For those who elected Obama, it's important to remember
the downward spiral that was accelerated by
Clinton's GOP alliance to pass
NAFTA. It should set off alarm bells for us today on
Afghanistan.
NAFTA was quickly followed by the debacle of
Clinton healthcare "reform" largely
drafted by giant insurance companies, which was followed by a stunning election
defeat for Congressional Democrats in November 1994, as progressive and labor
activists were lethargic while rightwing activists in overdrive put Gingrich
into the Speaker's chair.
A year later, advised by his chief political strategist
Dick Morris (yes, the Obama-basher now at Fox),
Clinton declared: "The era of big
government is over." In the coming years, Clinton proved that the era of big
business was far from over - working with Republican leaders to grant corporate
welfare to media conglomerates (1996 Telecom Act) and investment banks (1999
abolition of the Glass-Steagall Act).
Today, it's crucial to ask where Obama is heading. From
the stimulus to healthcare, he's shown a Clinton-like willingness to roll over
progressives in Congress on his way to corrupt legislation and frantic efforts
to compromise for the votes of corporate Democrats or "moderate" Republicans.
Meanwhile, the incredible shrinking "public option" has become a sick joke.
As he glides from retreats on civil liberties to health
reform that appeases corporate interests to his Bush-like pledge this week to
"finish the job" in Afghanistan, an Obama reliance on Congressional Republicans
to fund his troop escalation could be the final straw in disorienting and
demobilizing the progressive activists who elected him a year ago.
Throughout the centuries, no foreign power has been able
to "finish the job" in
Afghanistan, but
President Obama thinks he's a tough enough Commander-in-Chief to do it. Too bad
he hasn't demonstrated such toughness in the face of obstructionist Republicans
and corporate lobbyists. For them, it's been more like
"compromiser-in-chief."
When you start in the center (on, say, healthcare or
Afghanistan) and
readily move rightward several steps to appease rightwing politicians or
lobbyists or Generals, by definition you are governing as a conservative.

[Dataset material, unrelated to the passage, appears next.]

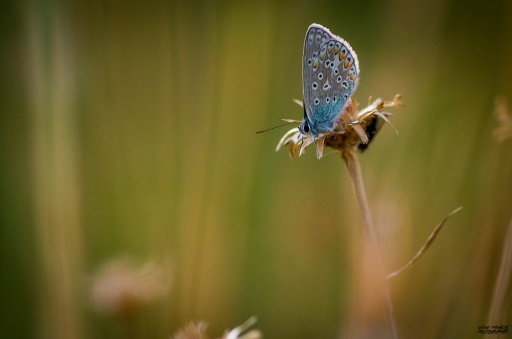 2016-07-20 Nicolas03
Nicolas03 [Macro et proxiphotographie nature]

It's been a gradual descent from the elation and hope for
real change many Americans felt on election night, November 2008. For some of us
who'd scrutinized the Clinton White House in the early 1990s, the buzz was
killed days after Obama's election when he chose his chief of staff, Rahm
Emanuel, a top Clinton strategist
and architect of the alliance that pushed NAFTA through Congress.
If Obama stands tough on more troops to Afghanistan (as
Clinton fought ferociously for NAFTA), only an unprecedented mobilization of
progressives - including many who worked tirelessly to elect Obama - will be
able to stop him. Trust me: The Republicans who yell and scream about Obama
budget deficits when they're obstructing public healthcare will become deficit
doves in spending the estimated $1 million per year per new soldier (not to
mention private contractors) headed off to Asia.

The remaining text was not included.